→ Listed entries

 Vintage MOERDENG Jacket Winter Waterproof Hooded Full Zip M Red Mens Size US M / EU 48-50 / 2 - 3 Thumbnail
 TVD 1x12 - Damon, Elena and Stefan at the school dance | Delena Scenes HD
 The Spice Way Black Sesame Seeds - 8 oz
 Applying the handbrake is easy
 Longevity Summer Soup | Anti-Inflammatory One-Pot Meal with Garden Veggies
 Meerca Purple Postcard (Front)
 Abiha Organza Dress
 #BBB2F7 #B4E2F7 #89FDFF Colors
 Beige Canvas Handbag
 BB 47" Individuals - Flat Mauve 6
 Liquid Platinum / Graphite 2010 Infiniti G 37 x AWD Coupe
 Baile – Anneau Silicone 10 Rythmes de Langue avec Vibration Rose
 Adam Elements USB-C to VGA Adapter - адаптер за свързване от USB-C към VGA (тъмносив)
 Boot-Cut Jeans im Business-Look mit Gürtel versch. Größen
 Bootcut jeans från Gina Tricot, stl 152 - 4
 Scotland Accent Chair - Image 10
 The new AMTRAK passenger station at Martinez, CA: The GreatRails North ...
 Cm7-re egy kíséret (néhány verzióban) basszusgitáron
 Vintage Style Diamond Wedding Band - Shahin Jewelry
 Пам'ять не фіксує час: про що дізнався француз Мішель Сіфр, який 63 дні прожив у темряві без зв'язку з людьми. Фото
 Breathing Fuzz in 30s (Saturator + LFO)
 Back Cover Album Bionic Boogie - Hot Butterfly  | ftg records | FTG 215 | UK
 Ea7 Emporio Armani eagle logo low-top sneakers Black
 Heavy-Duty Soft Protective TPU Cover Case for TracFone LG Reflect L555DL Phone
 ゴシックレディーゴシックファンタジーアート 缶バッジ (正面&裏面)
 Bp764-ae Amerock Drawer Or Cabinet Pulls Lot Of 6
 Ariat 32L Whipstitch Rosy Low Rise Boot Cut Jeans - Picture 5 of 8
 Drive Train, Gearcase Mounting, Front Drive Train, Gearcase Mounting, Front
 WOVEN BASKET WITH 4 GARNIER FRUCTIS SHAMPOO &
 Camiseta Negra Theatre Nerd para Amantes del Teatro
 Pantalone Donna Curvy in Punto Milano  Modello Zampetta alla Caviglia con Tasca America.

→ Your goal
Filter the records above for the string "Black" and copy each matching line.

→ Answer section
 The Spice Way Black Sesame Seeds - 8 oz
 Ea7 Emporio Armani eagle logo low-top sneakers Black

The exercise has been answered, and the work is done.